The LibDems and Legitimacy

In the light of the LibDem policy on revoking article 50 (the abreaction to which I discuss here) YouGov asked people the following question:

“If a party stood on a manifesto of staying in the EU and won a majority in a general election, do you think it would or would not be legitimate for them to keep Britain in the EU?”
 
41% said that it would be legitimate.
38% said that it would not be legitimate.
 
This is remarkable.
 
Note – the question was not whether you support the policy, but whether it would be legitimate or not.
 
Legitimacy is a higher test than mere liking or disliking. You might dislike something, but to say it is illegitimate is a further step.
 
And yet 38% said it would be illegitimate.
 
Consider the same question with the specific content excised:

“If a party stood on a manifesto of X policy and won a majority in a general election, do you think it would or would not be legitimate for them to enact X policy?”

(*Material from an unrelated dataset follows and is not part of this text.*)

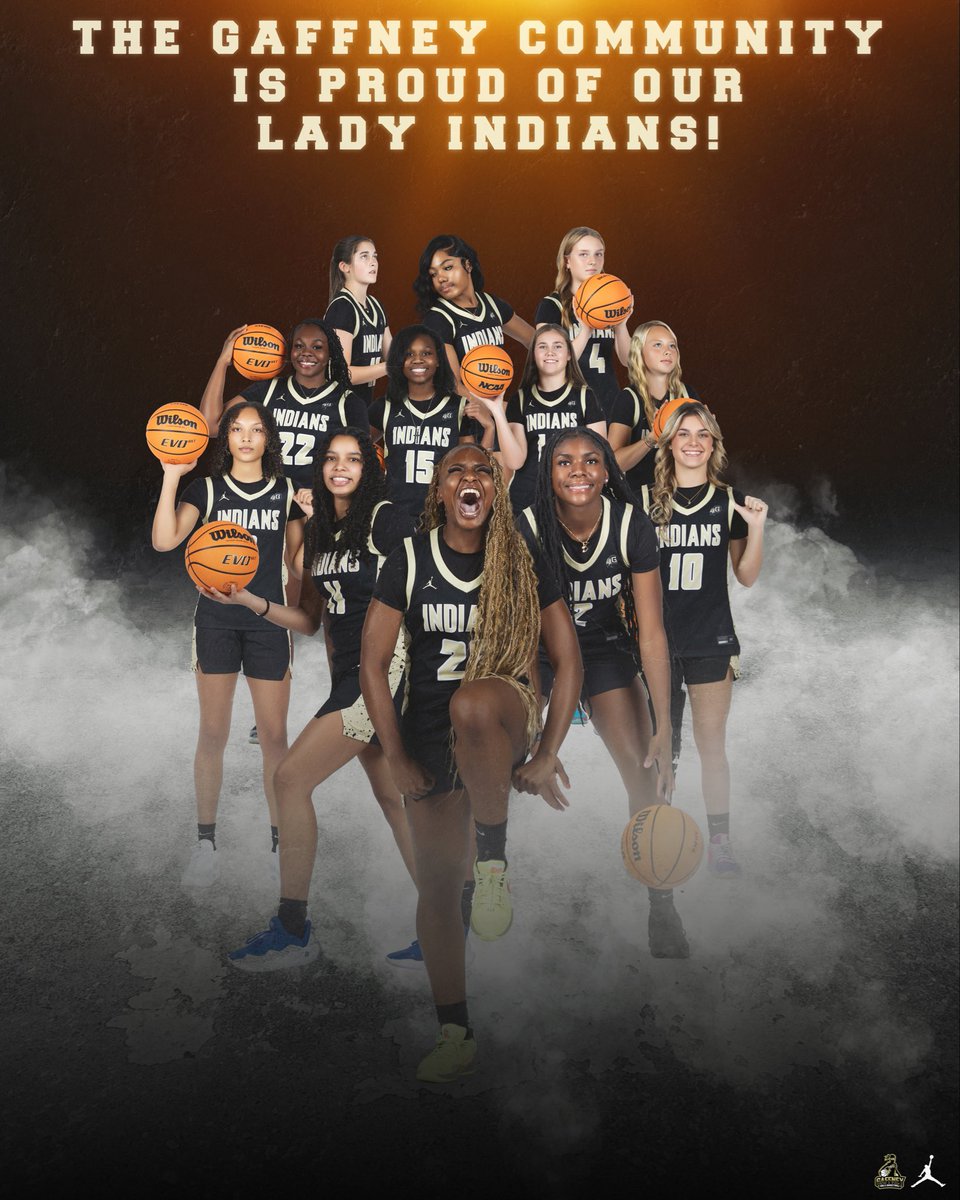 Tim Obrian Leach tweet media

Out of context, most people would say it would always be legitimate, every single time.
 
What would the argument be that it was illegitimate in this case?  Is it that only a referendum can overturn a previous referendum?
 
If so, are those Leave voters (see above) who responded 66% to 17% that it would be illegitimate now in favour of a confirmatory referendum?
 
If so, are they going to support one before a general election?
 
If not, then they can hardly blame the LibDems for using the next best thing to promote their position.
 
If they argue a general election must happen first, then what is the threshold of remain-supporting vote before a confirmatory referendum is required?  And would it be by seat or by overall vote?  So many questions.
 
The LibDems are smart. They’ve shifted the debate to where it should be: to the key questions of legitimacy of mandates, past and future, direct and indirect.
 
Under scrutiny, the existing mandate stinks. 2016 was not mandatory. It was not inclusive, fair, legal or compelling. It was as bent as a nine-ruble note.
 
It’s time to have that detailed conversation about mandates. Bring it on.
 
 
 
 

Why the LibDem Revoke policy is shocking – but not in the way you thought

LibDems/Getty

Something quite shocking has happened.

The LibDems, on a roll since the EU elections and with defecting MPs arriving almost weekly, have announced a new, eye-catching policy.

Their manifesto in the next election will include a promise to cancel Brexit.  No ifs, no buts.

Arguably this is nothing new – what else could their EU campaign’s “Bollocks to Brexit” have meant?

But it has the merit of clarity.  It says “We are the remain party.”  Since as many as one in three voters recently thought the LibDems were still in favour of some sort of Brexit, this announcement surely obliterates that doubt.

So if it was both hardly new and somewhat necessary, why has it caused so much fuss?

Even Caroline Lucas has gone to press (or at least twitter) to complain that it is anti-democratic; that “you can’t turn the clock back” and “you can’t ignore the 17m who voted leave”.  Lord Adonis has chimed in, “I strongly agree.”

You can’t ignore the 17m who voted leave.  And we haven’t; the last three years have been all about leave, all day, every day.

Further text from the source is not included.